From the line with "For social and" to the line with "Now to center", retype each line exactly as it stands in the records below, but skip the pictures.

Collected data entries:
○ ○ ○
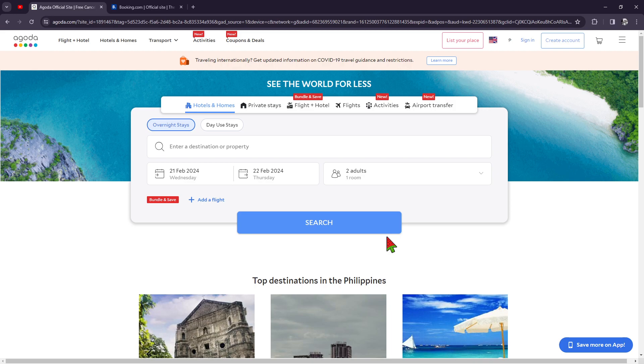So basically that's how you decide between choosing Agoda and Booking.com. This is your homeboy Josh. Thank you so much for watching. Please do not forget to like and share this video, and also kindly hit that subscribe and notification bell for more videos like this. I'm gonna see you on the next one.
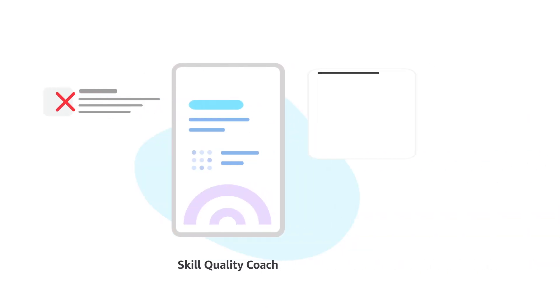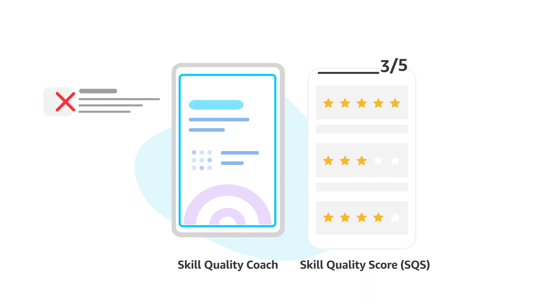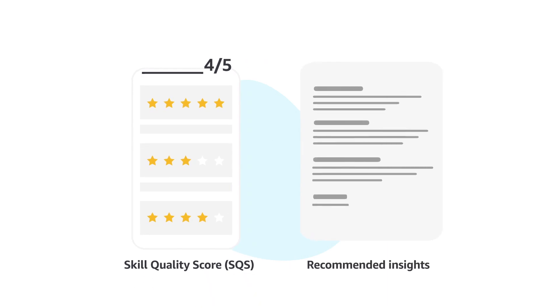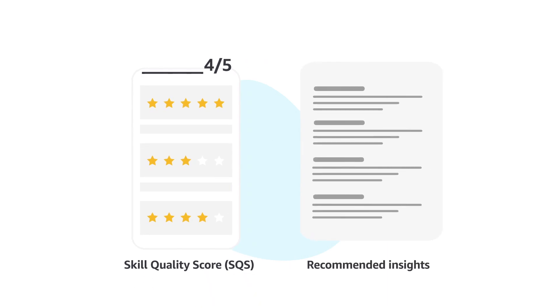The coach then gives your skill a score between 0 and 5, which is your Skill Quality Score, or in short, SQS, and shares recommended insights to help you improve your SQS. Got it?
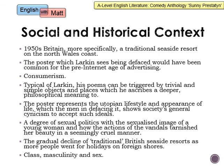For social and historical context (AO3): we're talking about 1950s Britain, specifically a traditional seaside resort on the North Wales coast. The poster Larkin sees being defaced is pre-internet age, so physical adverts like posters would have been more common. This poem is really about consumerism — Larkin mocks the disparity between the utopian lifestyle advertising presents and how it can be a shallow facade. There's a conflict between the utopian world of the advert and the reality of life. Typically, Larkin uses something trivial like the poster but ascribes to it a deeper philosophical meaning.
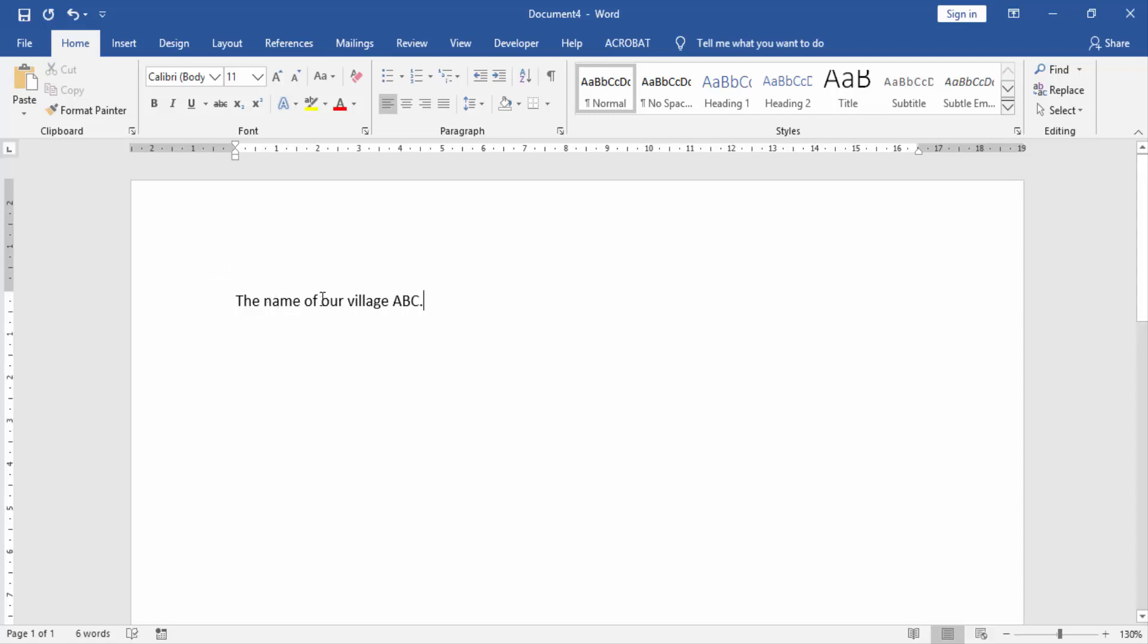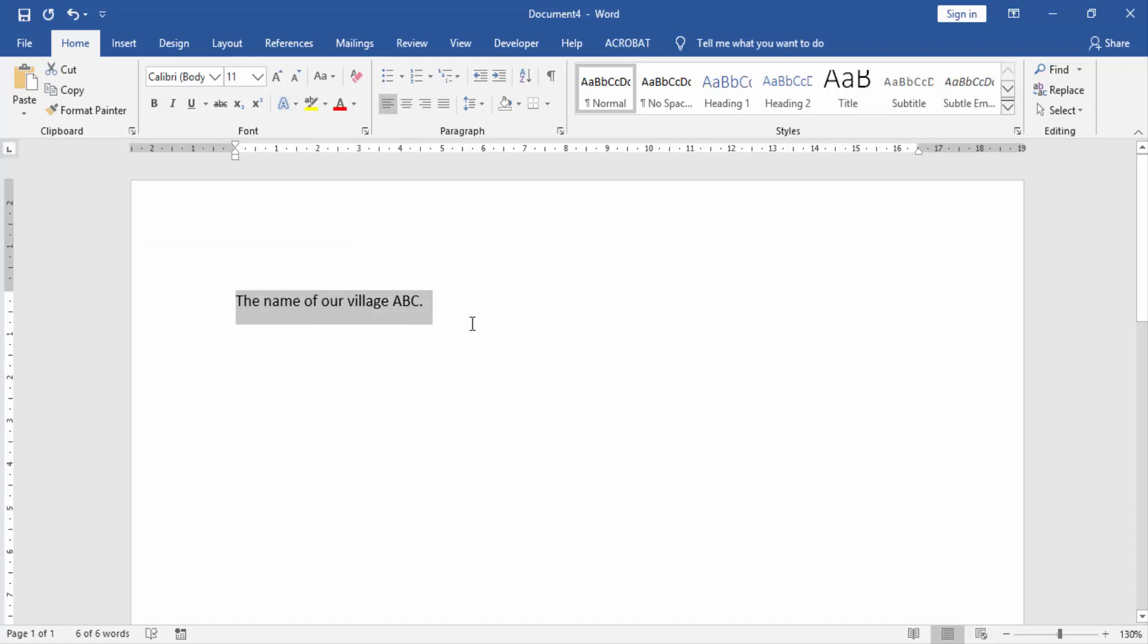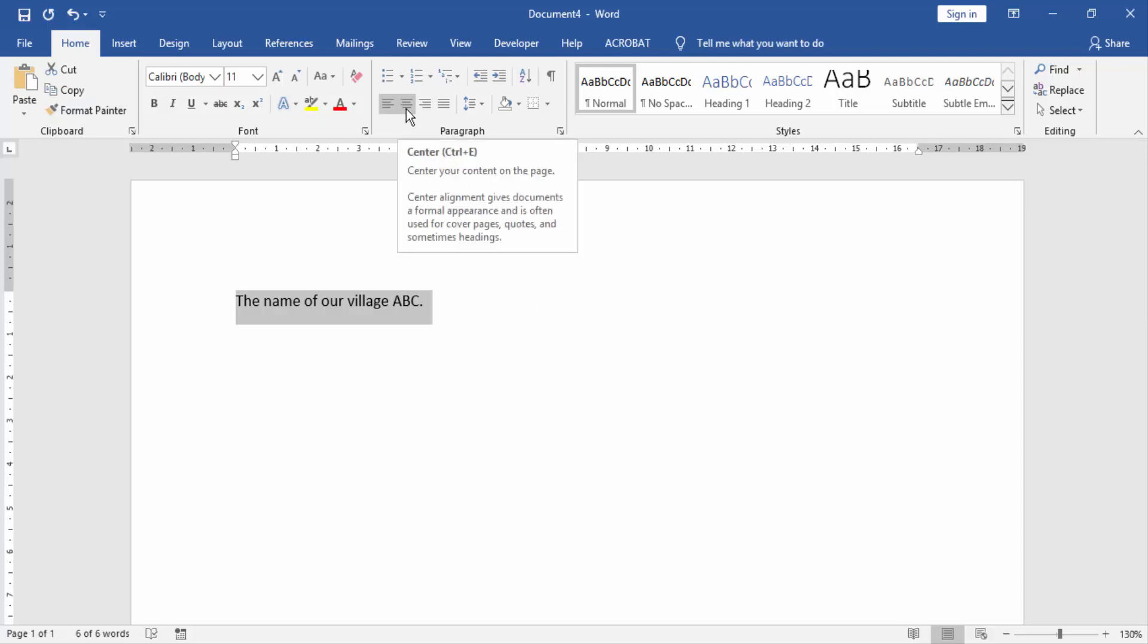Now to center this text, select all text and go to home menu. Then we click center.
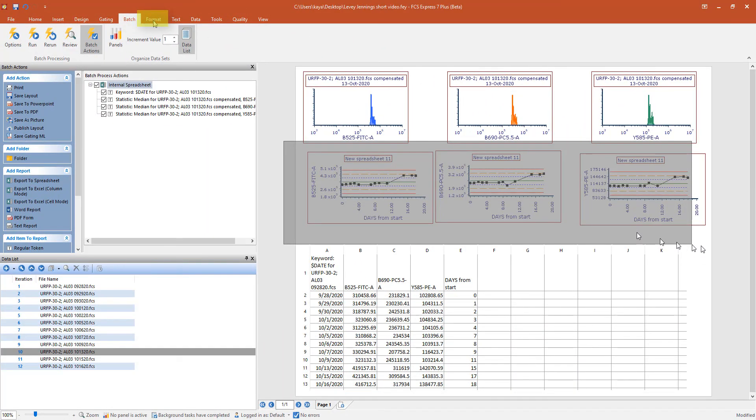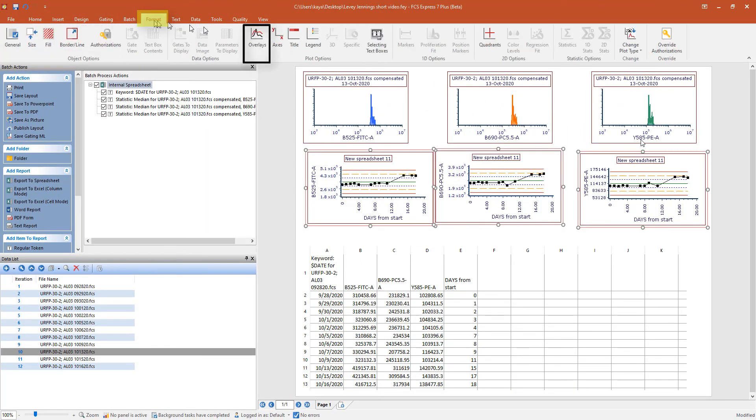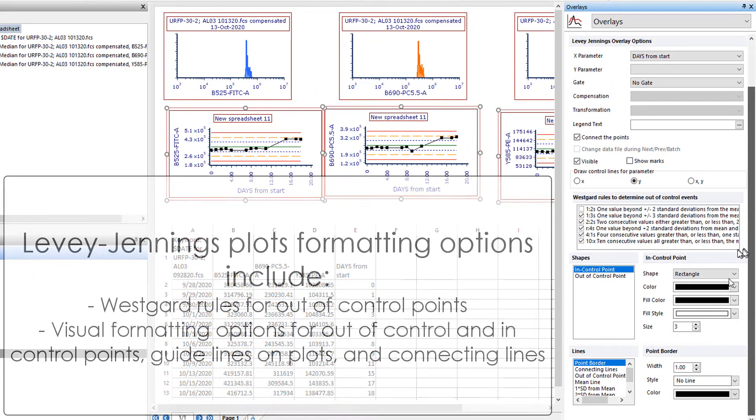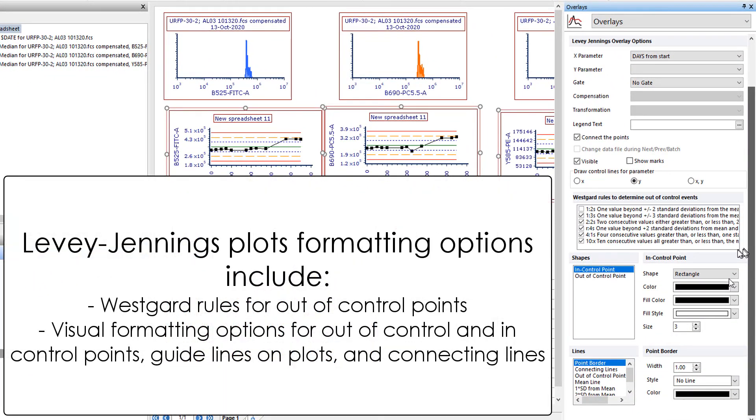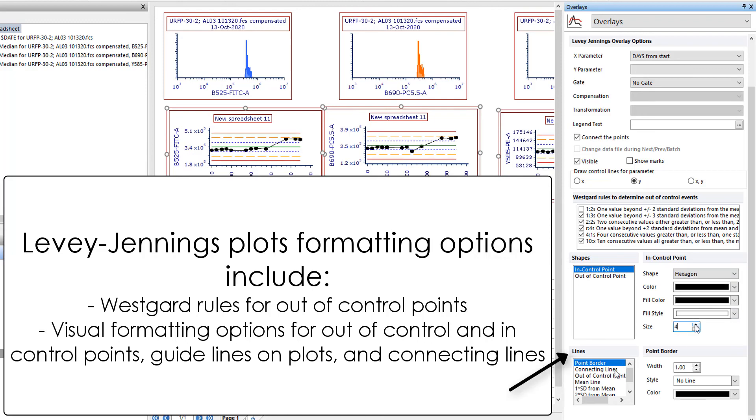Click Format Overlays to access various formatting options. These include, but are not limited to, the Westgard rules for determining out-of-control points, the shapes and colors for in-control versus out-of-control points, and lines on the Levey-Jennings plots, including those for the mean and 1, 2, and 3 standard deviations from the mean.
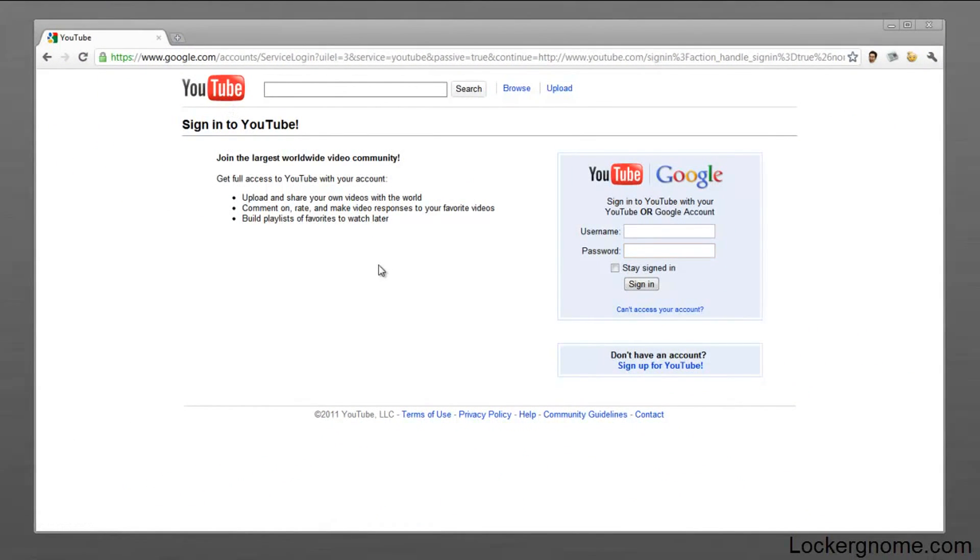What this could be used for is let's say your browser remembered your login information for a website, say YouTube, but you need to know the actual password, for let's say you need to use it somewhere else. It's actually pretty simple.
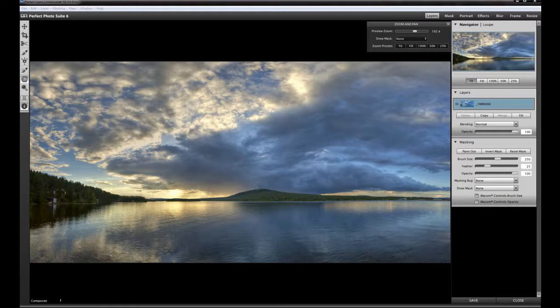I will take you through a workflow like I use this photo suite and give you some tips on how you can speed up your workflow if you're using Perfect Photo Suite 6.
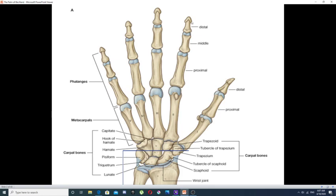The phalanges form the fingers or digits. The fingers of the hand are enumerated from lateral to medial: first, second, third, fourth, and fifth fingers. Each finger, in addition to having a number, also has a name. The first finger is the thumb, the second finger is the index finger, the third finger is the middle finger, the fourth finger is the ring finger, and the fifth finger is the little finger.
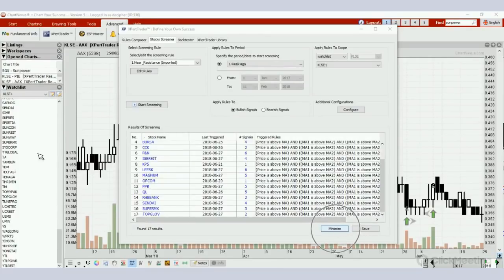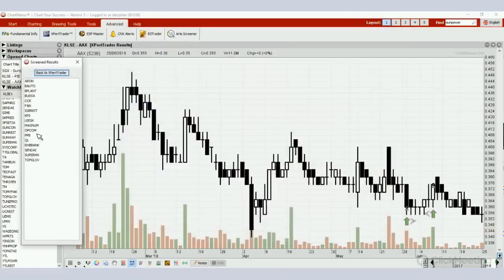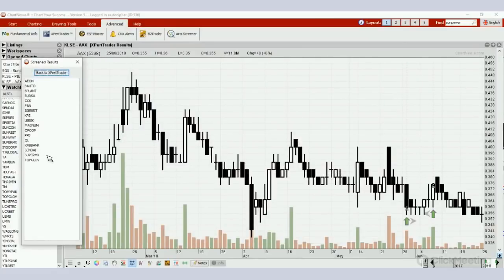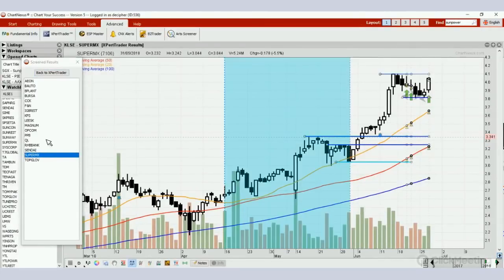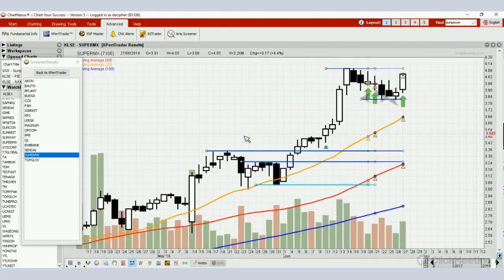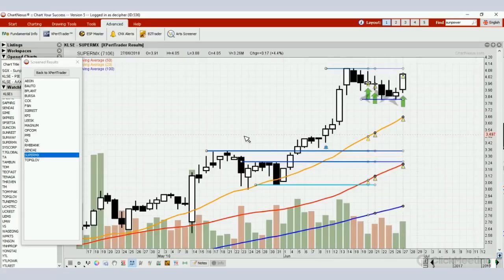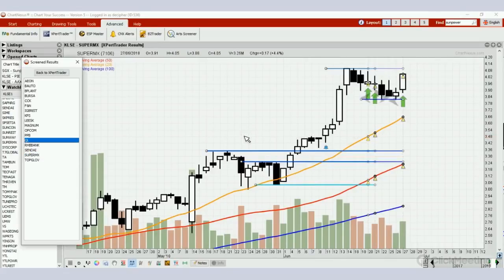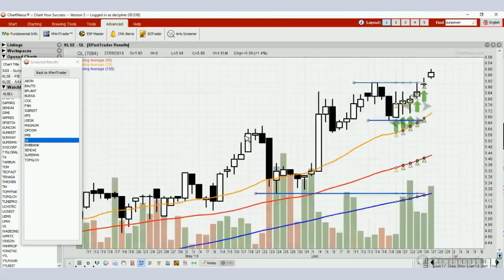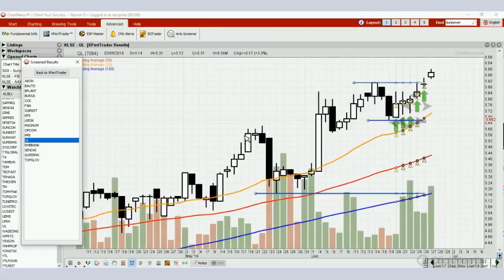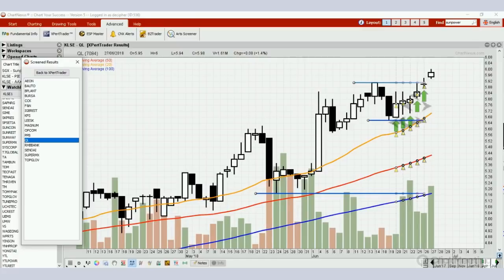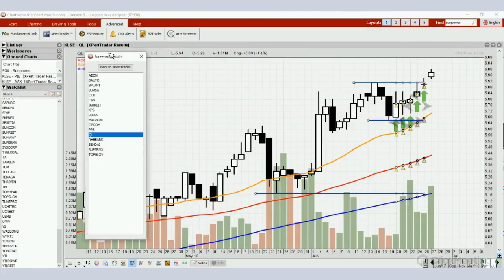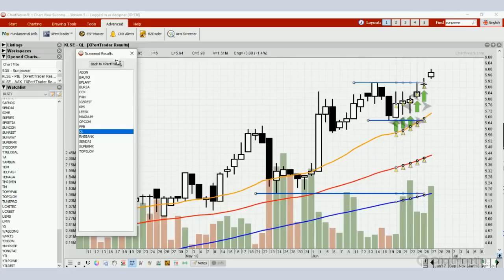17 signals triggered over the past one week. I'm going to minimize again the signal. This is how you go through the list of stock trading opportunities using our screening rule, like Super MX and QL. This is how we got all the signals, and then we'll discuss in the communicator and also our new WhatsApp support. That's the end of this video.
○ ○ ○
Reply:
For social and historical context (AO3): we're talking about 1950s Britain, specifically a traditional seaside resort on the North Wales coast. The poster Larkin sees being defaced is pre-internet age, so physical adverts like posters would have been more common. This poem is really about consumerism — Larkin mocks the disparity between the utopian lifestyle advertising presents and how it can be a shallow facade. There's a conflict between the utopian world of the advert and the reality of life. Typically, Larkin uses something trivial like the poster but ascribes to it a deeper philosophical meaning.
Now to center this text, select all text and go to home menu. Then we click center.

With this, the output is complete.